Tuesday, June 22, 2010

Elections

So, we have some elections coming up. Now and again I feel the urge to write about them, but then I take a quick look at my work schedule for the year, re-enter panic mode and forget all about it.

But, in short: We have the Japanese upper-house election on July 11th, and the Swedish general election on September 19th (it's always on the third Sunday in September, four years after the last one).

For the Japanese election, it seems the exit of Hatoyama and Ozawa will indeed save the DPJ:s bacon. Moreover, Prime minister Kan has performed a neat little bit of political judo on the LDP. Basically, Japan's finances are a godawful mess. Serious budget cuts are necessary, but everyone knows that's not enough and taxes will need to be raised.

Specifically, the consumption tax - now a low 5% - will have to be raised at some point. Why the consumption tax? Because it's one of the few taxes that bring in enough money that raising it can make a meaningful difference. It's also one of the taxes that are "fair" and don't bring a lot of unforeseen side effects. A tax on wealth, say, would not bring in anywhere near as much money, and would have all kinds of undesirable side effects (pensioners losing their ancestral home or personal savings, that sort of thing) that would require special exemptions and odd solutions. The major drawback with the consumption tax is that it is regressive, in that poorer people (who have to spend more of their income on consumption) pay a larger part, but there are several possible ways to mitigate that.

Anyway, everybody knows about the consumption tax, and politicians have mumbled for years about the need to raise it at some unspecified point in the future. The LDP, recognizing that they need some hook, something to make a splash in the election, wrote in an increase to 10% in their election manifest just recently.

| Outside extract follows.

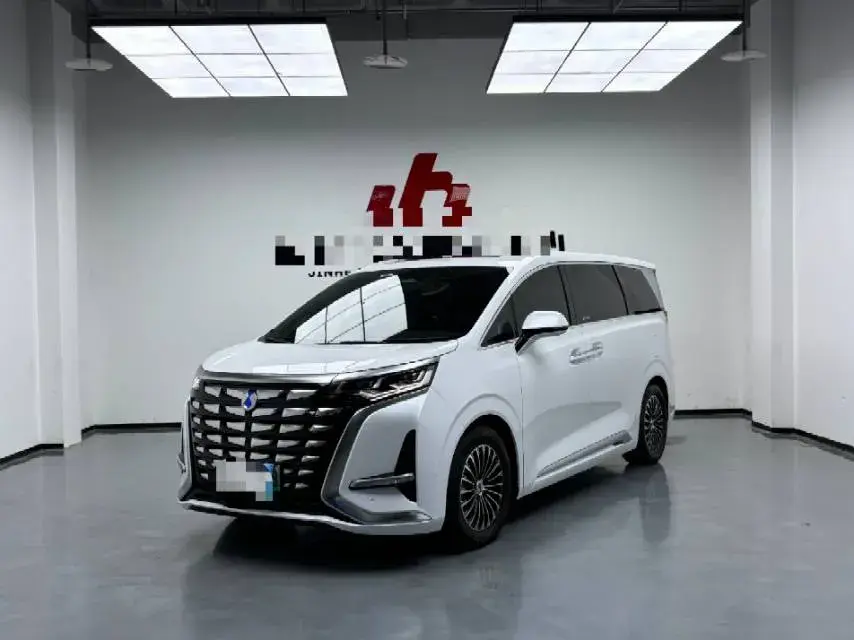 2022 Denza D9 1.5T 139HP L4 E-CVT PHEV 40.06KWH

The idea was probably to argue that they have specific proposals, specific solutions while the DPJ refuses to face up to hard realities or something to that effect.

But Kan basically took that number and ran with it; he stated that 10% is a reasonable figure, let's raise the tax soon as a way to improve public finances and shore up the pension system. Having the opposing team happily agree to your proposal was not what the LDP had in mind. They more or less stated that it was unfair of the DPJ to agree with them, and that there was no way they would support such an absurd proposal as the one they had in their own election manifest.

As Shisaku reports today, now the opinion polls are in, and the results are fairly encouraging. Cabinet support is dropping slightly - something likely to happen with or without the tax discussion as the novelty of Kan wears off. The LDP doesn't really move anywhere. Kan has in other words managed to grab a long-running problem - how to decide on a specific tax increase and break the news to an unhappy electorate - without taking a real hit in the polls, and without giving the opposition a boost. And he managed to do so a few weeks before the election, so a decent election result will be seen as a mandate to go ahead.

It's worth noting is that there's a second part to the tax proposal, a reduction in the corporate tax rate. I'm not knowledgeable enough to have any firm opinion on the matter, but I do note that the current quoted rate of about 40% sounds rather high; a quick look at worldwide rates puts Japans rate at about the highest in the world. Average rates seem to cluster around 25% or so. Perhaps a good idea, in other words, though I can't really say.